TASK PROMPT:
Print every line below that comes at or after the line containing "How CFTC's Decision", exactly as written.

RECORDS FOR THE EXERCISE:
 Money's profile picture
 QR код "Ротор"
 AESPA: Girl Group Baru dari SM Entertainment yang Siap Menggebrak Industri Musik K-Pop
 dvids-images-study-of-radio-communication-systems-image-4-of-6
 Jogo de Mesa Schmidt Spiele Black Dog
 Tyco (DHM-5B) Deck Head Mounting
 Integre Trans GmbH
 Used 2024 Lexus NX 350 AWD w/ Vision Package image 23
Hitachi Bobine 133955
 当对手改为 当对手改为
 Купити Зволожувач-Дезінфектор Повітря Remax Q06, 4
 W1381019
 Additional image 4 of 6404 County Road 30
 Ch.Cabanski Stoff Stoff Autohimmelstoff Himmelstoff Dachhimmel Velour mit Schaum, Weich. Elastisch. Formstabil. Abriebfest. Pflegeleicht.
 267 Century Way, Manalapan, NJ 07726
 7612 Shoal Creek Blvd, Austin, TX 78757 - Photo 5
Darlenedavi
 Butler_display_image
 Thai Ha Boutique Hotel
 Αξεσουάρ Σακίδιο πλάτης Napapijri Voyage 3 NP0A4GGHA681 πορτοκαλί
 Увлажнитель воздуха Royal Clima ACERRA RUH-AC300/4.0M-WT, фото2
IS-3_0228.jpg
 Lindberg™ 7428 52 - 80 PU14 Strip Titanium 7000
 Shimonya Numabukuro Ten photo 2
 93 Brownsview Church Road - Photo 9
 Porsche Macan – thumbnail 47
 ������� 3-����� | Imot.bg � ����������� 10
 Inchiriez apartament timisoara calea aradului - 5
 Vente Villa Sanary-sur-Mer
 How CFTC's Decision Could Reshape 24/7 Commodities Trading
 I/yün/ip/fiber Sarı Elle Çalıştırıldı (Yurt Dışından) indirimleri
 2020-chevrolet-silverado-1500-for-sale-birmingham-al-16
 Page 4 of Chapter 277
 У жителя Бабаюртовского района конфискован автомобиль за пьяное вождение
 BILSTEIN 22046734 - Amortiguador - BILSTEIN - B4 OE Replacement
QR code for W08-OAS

SOLUTION TO THE EXERCISE:
 How CFTC's Decision Could Reshape 24/7 Commodities Trading
 I/yün/ip/fiber Sarı Elle Çalıştırıldı (Yurt Dışından) indirimleri
 2020-chevrolet-silverado-1500-for-sale-birmingham-al-16
 Page 4 of Chapter 277
 У жителя Бабаюртовского района конфискован автомобиль за пьяное вождение
 BILSTEIN 22046734 - Amortiguador - BILSTEIN - B4 OE Replacement
QR code for W08-OAS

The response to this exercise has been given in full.